Mr. Hiaasen calls on the media to "shine a light on it and write about it and react with some humanity and horror every time it happens." This is, in his view the only way for us to "get better as a society." I don't know that I agree with him on that. In part, because I look askance at the implied questioning of the "humanity" of people who don't respond in the way that he would like. As many times as dehumanizing others, questioning their "humanity" has lead to the very worst of human tragedy, giving people reasons to judge seems counterproductive. And I'm sure of the helpfulness of constantly staring into the abyss, either. There's already a certain normative quality to violence (whether guns are involved or not) in the United States. The news needing to make room for some thirty or so stories of people who have died violently every day would eventually become simply a grim background hum.

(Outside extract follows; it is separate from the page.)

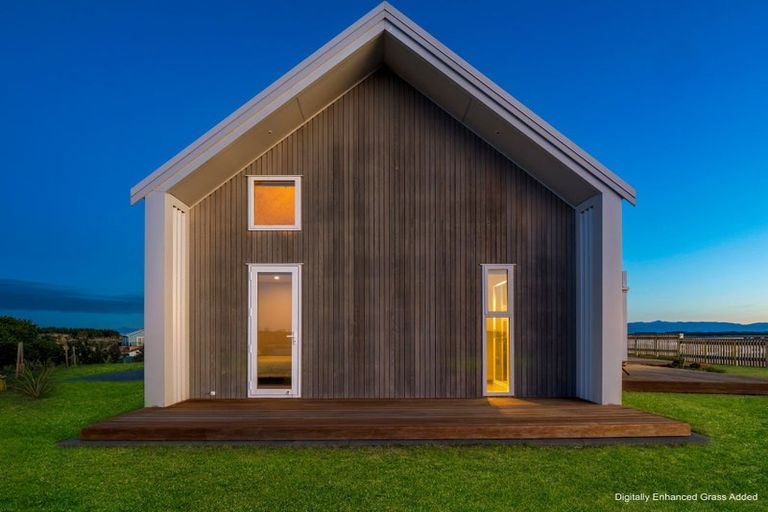 Photo of property in 2 Rangeview Rise, Foxton Beach, Foxton, 4815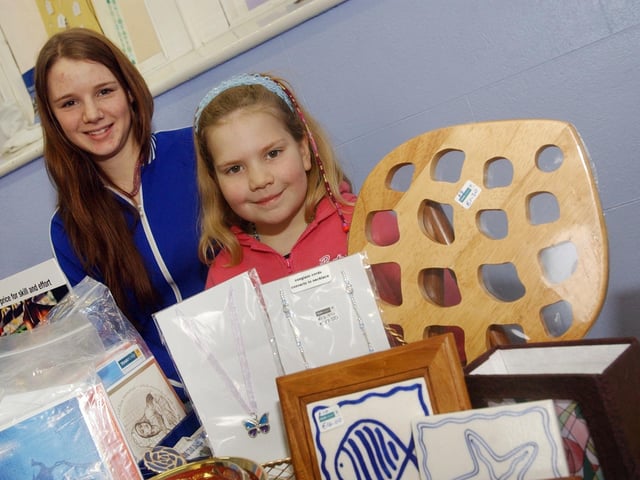 Meryl Norris, left, and Jill Scott man one of the craft stalls. (2911PG03) : Christmas in Inishowen in 2005.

Creating a world where a man executing five women in a bank would be universally, genuinely shocking to people is going to take something other than constantly reminding them that violence is part of our everyday lives. It's going to take removing much of the violence from our everyday lives. That's not going to be a function of the media. It's going to take all of us deciding that we have better choices, and choosing to reward one another when people avail themselves of those better choices.